(Dataset records begins)

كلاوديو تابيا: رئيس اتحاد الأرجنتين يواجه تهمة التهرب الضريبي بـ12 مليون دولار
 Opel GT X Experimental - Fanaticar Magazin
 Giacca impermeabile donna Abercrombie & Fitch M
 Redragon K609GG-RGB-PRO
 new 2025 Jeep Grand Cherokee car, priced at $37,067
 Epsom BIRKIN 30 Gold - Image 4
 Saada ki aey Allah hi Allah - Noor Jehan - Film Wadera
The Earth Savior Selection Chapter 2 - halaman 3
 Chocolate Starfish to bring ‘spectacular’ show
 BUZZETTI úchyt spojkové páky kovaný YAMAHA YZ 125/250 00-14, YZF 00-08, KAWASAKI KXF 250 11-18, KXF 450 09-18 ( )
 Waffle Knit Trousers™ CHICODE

(Dataset records ends)

Task statement:
Copy verbatim the span of lines that begins with the line holding "Chocolate Starfish to" and ends at the last line of the records.

Solution to this problem:
 Chocolate Starfish to bring ‘spectacular’ show
 BUZZETTI úchyt spojkové páky kovaný YAMAHA YZ 125/250 00-14, YZF 00-08, KAWASAKI KXF 250 11-18, KXF 450 09-18 ( )
 Waffle Knit Trousers™ CHICODE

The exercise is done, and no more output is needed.